Blintzes and Grits. Bagels and Bluegrass. "Shalom, Y'all." The jokes come from the obvious contrasts between what we think of as Jewish culture and what we think of as Southern. But the reality is a much more complex blending of cultures and identities, creating a unique kind of Jew — the Kentucky Jew.
Jews were present for the very creation of Kentucky. The Virginia mercantile firm of Cohen and Isaacs hired Daniel Boone to scout out their Kentucky lands; and another merchant family, the Gratz family of Philadelphia, set up trading posts on the Ohio (including the river landing at Gratz, Kentucky) and joined the founders of Lexington.
These early Jews were Sephardic Jews, with roots in the dispersion of Jews from Spain to the rest of Europe and the New World. They followed Sephardic traditions of worship and law and were part of an educated and entrepreneurial transatlantic elite.
By the 1840s Jewish traders and peddlers appeared in greater numbers in Kentucky settlements, emigrating from political unrest, poverty, and restrictive laws in Germany. In most of Europe, Jews were not permitted to own land, so most Jewish immigrants did not expect to become farmers.
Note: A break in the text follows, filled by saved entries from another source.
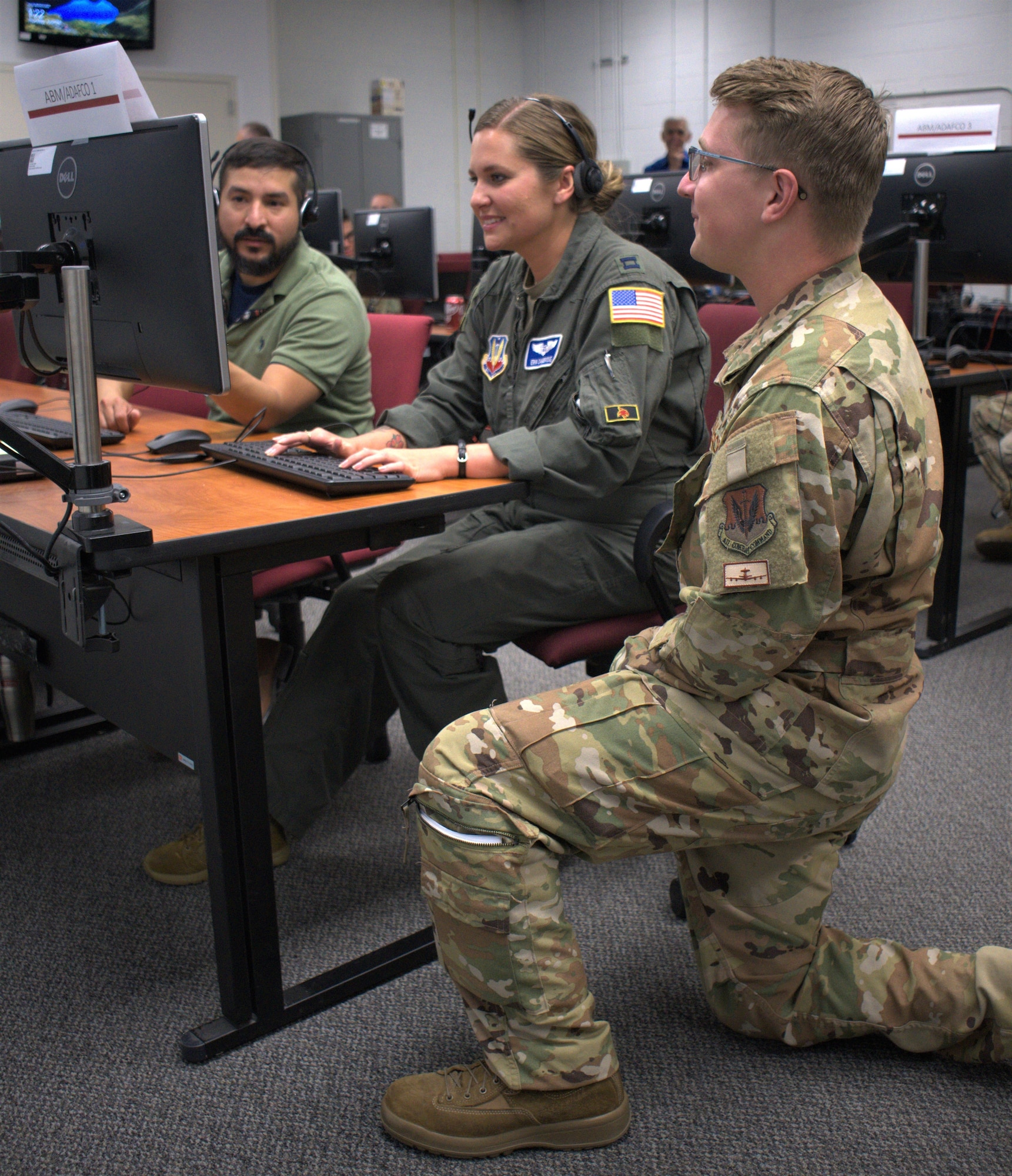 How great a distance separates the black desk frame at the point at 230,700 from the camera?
4.16 feet

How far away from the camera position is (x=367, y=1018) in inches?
57.1

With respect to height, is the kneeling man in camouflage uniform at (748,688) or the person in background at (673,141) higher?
the person in background at (673,141)

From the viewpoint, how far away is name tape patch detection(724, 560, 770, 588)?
40.5 inches

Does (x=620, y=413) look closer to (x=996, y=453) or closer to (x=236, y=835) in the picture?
(x=236, y=835)

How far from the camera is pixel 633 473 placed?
1.71 metres

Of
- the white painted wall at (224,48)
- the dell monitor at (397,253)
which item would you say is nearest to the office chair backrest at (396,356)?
the dell monitor at (397,253)

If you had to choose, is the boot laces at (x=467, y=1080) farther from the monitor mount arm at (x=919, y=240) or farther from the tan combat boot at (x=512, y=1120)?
the monitor mount arm at (x=919, y=240)

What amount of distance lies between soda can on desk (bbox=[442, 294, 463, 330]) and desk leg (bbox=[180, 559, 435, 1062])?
3.40 metres

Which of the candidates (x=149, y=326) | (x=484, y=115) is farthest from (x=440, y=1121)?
(x=484, y=115)

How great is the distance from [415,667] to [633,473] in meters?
0.46

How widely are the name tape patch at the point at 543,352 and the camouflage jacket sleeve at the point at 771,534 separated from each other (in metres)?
0.65

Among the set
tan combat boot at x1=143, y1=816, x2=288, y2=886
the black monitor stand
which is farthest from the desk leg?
tan combat boot at x1=143, y1=816, x2=288, y2=886

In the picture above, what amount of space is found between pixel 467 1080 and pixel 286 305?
1.49m

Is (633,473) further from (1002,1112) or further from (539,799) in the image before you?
(1002,1112) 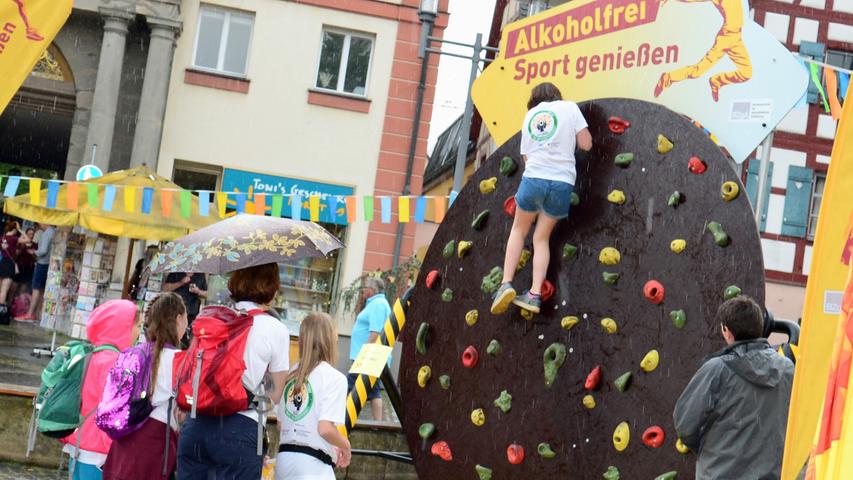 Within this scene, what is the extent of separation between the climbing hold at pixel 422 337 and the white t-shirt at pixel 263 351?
4.43ft

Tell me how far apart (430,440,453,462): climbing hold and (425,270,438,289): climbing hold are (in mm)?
852

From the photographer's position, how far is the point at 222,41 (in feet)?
73.3

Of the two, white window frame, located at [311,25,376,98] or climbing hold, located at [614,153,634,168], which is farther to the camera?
white window frame, located at [311,25,376,98]

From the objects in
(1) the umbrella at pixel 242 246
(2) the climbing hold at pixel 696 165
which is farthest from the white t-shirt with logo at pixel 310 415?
(2) the climbing hold at pixel 696 165

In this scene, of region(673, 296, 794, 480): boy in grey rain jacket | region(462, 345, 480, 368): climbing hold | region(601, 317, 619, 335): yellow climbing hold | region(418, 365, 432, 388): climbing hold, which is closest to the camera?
region(673, 296, 794, 480): boy in grey rain jacket

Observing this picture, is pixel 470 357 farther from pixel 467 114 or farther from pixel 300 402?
pixel 467 114

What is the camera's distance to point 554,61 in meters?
6.60

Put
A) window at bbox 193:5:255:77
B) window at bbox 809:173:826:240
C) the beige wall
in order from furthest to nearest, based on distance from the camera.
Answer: window at bbox 809:173:826:240 < window at bbox 193:5:255:77 < the beige wall

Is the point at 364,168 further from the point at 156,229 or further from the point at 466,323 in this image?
the point at 466,323

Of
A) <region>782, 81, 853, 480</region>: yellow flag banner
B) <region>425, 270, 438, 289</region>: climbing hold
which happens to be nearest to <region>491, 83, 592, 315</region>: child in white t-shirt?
<region>425, 270, 438, 289</region>: climbing hold

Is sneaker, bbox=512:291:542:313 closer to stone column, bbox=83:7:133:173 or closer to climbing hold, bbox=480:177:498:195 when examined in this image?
climbing hold, bbox=480:177:498:195

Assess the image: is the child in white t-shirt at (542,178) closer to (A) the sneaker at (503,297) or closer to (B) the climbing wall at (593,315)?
(A) the sneaker at (503,297)

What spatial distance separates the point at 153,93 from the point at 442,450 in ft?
52.1

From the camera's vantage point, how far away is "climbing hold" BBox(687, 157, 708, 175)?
216 inches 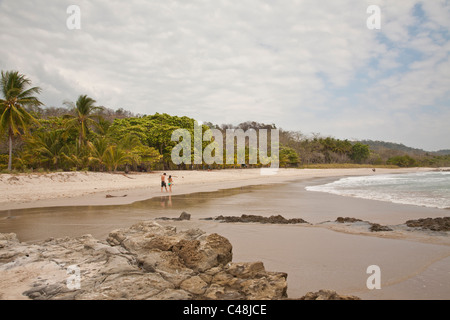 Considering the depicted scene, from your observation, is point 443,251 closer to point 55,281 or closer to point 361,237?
point 361,237

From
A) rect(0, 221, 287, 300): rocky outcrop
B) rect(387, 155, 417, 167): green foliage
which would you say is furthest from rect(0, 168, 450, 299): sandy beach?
rect(387, 155, 417, 167): green foliage

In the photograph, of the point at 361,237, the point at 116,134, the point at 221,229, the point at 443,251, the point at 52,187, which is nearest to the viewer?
the point at 443,251

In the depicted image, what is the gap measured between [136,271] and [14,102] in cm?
2505

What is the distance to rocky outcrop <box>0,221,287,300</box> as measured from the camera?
3.27 meters

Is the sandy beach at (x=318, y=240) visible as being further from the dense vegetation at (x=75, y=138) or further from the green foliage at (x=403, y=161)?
the green foliage at (x=403, y=161)

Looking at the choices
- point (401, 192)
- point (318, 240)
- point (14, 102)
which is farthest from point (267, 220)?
point (14, 102)

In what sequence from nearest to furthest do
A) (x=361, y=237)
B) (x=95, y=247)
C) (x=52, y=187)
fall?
(x=95, y=247)
(x=361, y=237)
(x=52, y=187)

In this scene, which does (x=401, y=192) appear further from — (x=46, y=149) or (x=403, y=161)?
(x=403, y=161)

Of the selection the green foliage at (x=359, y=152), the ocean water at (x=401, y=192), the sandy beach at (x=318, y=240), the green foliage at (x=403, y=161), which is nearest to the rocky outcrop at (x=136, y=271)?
the sandy beach at (x=318, y=240)

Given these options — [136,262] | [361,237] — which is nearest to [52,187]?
[136,262]

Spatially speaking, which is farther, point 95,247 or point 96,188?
point 96,188

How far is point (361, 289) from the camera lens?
371 cm

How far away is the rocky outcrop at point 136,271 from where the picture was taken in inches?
129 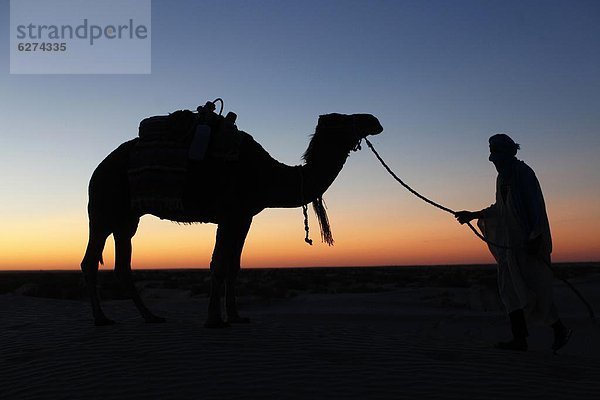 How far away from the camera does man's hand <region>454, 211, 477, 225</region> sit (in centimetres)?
638

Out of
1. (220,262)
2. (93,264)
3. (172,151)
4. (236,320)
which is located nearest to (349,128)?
(172,151)

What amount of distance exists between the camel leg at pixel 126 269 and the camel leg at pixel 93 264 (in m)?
0.24

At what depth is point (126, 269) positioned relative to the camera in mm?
7531

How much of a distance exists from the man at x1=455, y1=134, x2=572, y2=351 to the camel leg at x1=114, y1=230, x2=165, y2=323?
4.70 meters

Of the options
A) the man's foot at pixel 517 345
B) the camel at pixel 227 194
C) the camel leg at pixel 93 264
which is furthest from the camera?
the camel leg at pixel 93 264

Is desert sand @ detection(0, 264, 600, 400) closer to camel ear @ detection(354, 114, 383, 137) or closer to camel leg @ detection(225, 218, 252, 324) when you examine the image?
camel leg @ detection(225, 218, 252, 324)

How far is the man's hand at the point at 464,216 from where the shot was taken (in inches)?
251

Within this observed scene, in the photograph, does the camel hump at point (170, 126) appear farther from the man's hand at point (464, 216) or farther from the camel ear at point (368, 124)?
the man's hand at point (464, 216)

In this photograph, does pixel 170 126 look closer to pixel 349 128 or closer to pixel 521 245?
pixel 349 128

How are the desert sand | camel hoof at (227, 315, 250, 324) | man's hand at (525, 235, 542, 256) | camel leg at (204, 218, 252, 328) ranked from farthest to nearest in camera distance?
camel hoof at (227, 315, 250, 324)
camel leg at (204, 218, 252, 328)
man's hand at (525, 235, 542, 256)
the desert sand

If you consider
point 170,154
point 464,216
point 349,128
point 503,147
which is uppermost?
point 349,128

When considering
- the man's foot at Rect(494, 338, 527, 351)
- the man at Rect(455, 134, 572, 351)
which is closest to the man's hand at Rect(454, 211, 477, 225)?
the man at Rect(455, 134, 572, 351)

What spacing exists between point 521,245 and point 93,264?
5587 millimetres

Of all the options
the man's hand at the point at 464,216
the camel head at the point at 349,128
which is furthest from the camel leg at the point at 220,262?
the man's hand at the point at 464,216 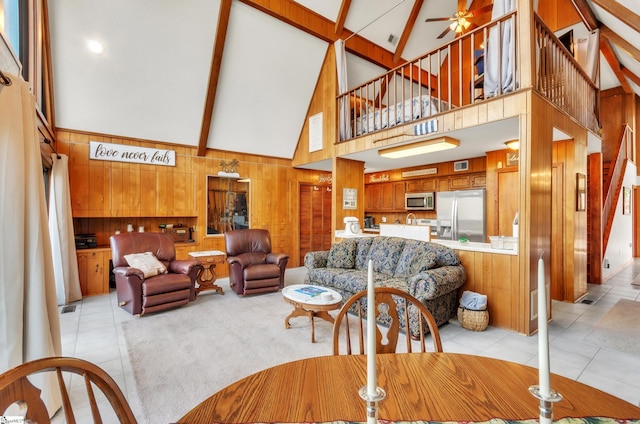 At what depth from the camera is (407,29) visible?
6.60 meters

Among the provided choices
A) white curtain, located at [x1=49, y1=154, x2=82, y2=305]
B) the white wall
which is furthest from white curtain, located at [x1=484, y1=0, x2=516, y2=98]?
white curtain, located at [x1=49, y1=154, x2=82, y2=305]

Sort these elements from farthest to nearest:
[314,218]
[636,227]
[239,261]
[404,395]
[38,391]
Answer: [636,227], [314,218], [239,261], [404,395], [38,391]

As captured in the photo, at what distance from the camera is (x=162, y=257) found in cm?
441

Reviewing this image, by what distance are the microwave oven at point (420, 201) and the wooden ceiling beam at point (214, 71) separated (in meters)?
4.62

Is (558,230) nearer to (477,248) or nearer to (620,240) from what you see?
(477,248)

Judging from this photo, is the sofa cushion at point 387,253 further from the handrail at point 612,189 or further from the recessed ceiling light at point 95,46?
the recessed ceiling light at point 95,46

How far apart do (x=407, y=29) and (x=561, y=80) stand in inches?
149

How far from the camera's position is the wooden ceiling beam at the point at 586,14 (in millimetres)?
4406

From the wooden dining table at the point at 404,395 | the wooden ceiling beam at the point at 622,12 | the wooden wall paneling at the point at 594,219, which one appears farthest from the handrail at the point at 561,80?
the wooden dining table at the point at 404,395

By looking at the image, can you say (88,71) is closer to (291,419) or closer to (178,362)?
(178,362)

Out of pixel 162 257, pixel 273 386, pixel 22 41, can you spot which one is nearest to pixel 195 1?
pixel 22 41

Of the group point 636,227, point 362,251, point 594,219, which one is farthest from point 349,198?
point 636,227

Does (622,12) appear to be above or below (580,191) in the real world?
above

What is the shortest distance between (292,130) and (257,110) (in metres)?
0.93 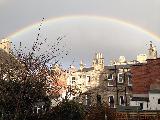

Instead, small-scale retailing, either through door-to-door, town-to-town peddling, or in a small storefront, was the best opportunity open to them. When enough Jews gathered in one place, it was natural to think of formalizing their community as a congregation.
Among Jewish communities in the 19th-early 20th centuries were Louisville, Owensboro, Lexington, Paducah, Covington, Ashland, Henderson, Hopkinsville and Newport, and mentions the influx of German, Polish and Russian immigrants. Today, Ely states, the organized community includes Louisville, Lexington, Owensboro and Paducah.